Leyva's is located toward the south end of the famous tourist zone, on Avenida Revolución (known to tijuanenses everywhere as La Revu) between 6th and 7th Streets, on the east side of the street. It's easy to miss, tucked away as it in one subdivided section of a huge building housing a disco.
It also looks perpetually half-closed, because the lights are often kept off to conserve energy and pesos. Don't be fooled; it's only closed when the huge, obvious, steel roll-down door is down. Inside sits Gilberto Leyva Nuño, one of the most honest tequileros north of Jalisco, presiding over quite literally six hundred different bottles of tequila, several dozen mezcales, bacanora, sotol, aguardiente de agave, cremas de licor, rums, vodkas, etc., besting even the enormous Tavo's Liquors a few doors south.
Go in; ask questions. Gilberto speaks absolutely flawless English and, as they say down south, él sabe de lo suyo–he knows his stuff. There are always at least half a dozen bottles on the counter open for sampling, and he has personally tasted what he sells.

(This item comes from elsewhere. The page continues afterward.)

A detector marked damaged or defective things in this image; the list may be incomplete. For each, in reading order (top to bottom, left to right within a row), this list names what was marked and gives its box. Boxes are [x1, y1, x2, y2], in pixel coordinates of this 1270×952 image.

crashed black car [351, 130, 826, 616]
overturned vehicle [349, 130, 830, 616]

Leyva's has always been a beacon for those looking to bring something back unavailable at home. When absinthe–real Absinthe, not that fake green crap–was outlawed in the U.S., it was legal in Mexico, and you could get it at Leyva's. Native licor de damiana to put a little fuego in your pito? Of course! Cuban rum to go with the cigar from across the street (technically illegal for Americans to consume abroad, fulminate fulminate fulminate, etc.)? Sure.
It seems like letting someone you've just met take you on a 'tour' of the tequilas seems like something guidebooks would warn you against, but here you need to let it happen. If you let Gilberto guide you, he will coax you away from the mediocre, overpriced La Cofradia-made tequilas in the interestingly shaped souvenir bottles and from the mixtos that taste like 51 percent agave and 49 percent fermented cat piss. He's at home helping Japanese tourists who have never tasted tequila and people with a long love affair with the beverage. You might not ever have heard of what you're buying, but if you have a conversation with Gilberto, you'll like it.

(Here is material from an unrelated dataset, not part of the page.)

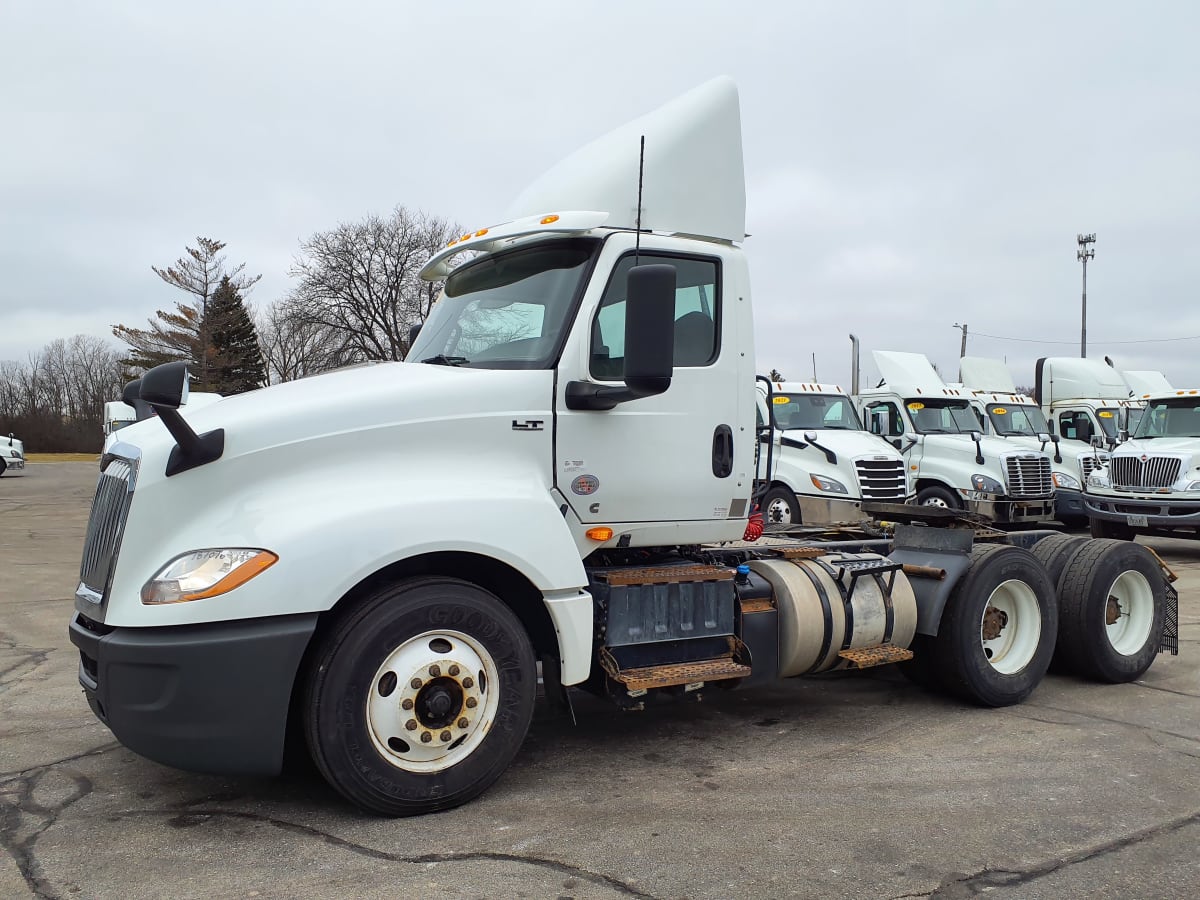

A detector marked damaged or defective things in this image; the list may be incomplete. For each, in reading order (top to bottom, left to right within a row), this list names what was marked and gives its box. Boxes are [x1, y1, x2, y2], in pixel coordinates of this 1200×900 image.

cracked pavement [2, 465, 1200, 900]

It's not just tequila, either; if you're jaded by tequila or you want to bring something back that's just plain unavailable in the states, ask him about other agave products. Where even the best stores in the U.S. can only stock a dozen or so mezcales, he's got five times that number; he can help you with agave products just finding their markets, like sotol (from Chihuahua, made with wild plants) and bacanora (from the neighboring state of Sonora).
Then there are the prices: my house tequila, Volcán de Mi Tierra reposado, runs about $8 or $9 U.S. a fifth, a 100 percent agave tequila that costs as little as that Cuervo Gold porquería. Arette añejo, arguably my favorite tequila in the world, runs about 60 percent of its price in the fine liquors stores north of the border. Some of the bottles that are heavily hyped in the U.S., like Patrón and Don Julio, have less of a discount than others. There are so many other gems to discover, but still, if you want to bring it back, go for it.
Let the lesson be learned: never, ever cross back without your visit to Gilberto and your bottle! Just remember that if you're driving yourself, you are technically limited to one liter (of any alcohol, including beer and wine) every 31st day; in practice, the customs guardians don't keep records and you can bring one liter across every time you go.
Leyva's Liquors is located at Av. Revolución #1026, Zona Centro, Tijuana, B.C., Mexico; 011-52 (664) 688-09-80.
With the relocation of the southbound pedestrian crossing to the east side of the river, it may be worth a cab ride if you're not driving in; don't pay more than US$5-6 for it, though. You won't be able to cross the street downtown without a cabbie offering his services. If the cab has no meter, negotiate before getting in for the same price.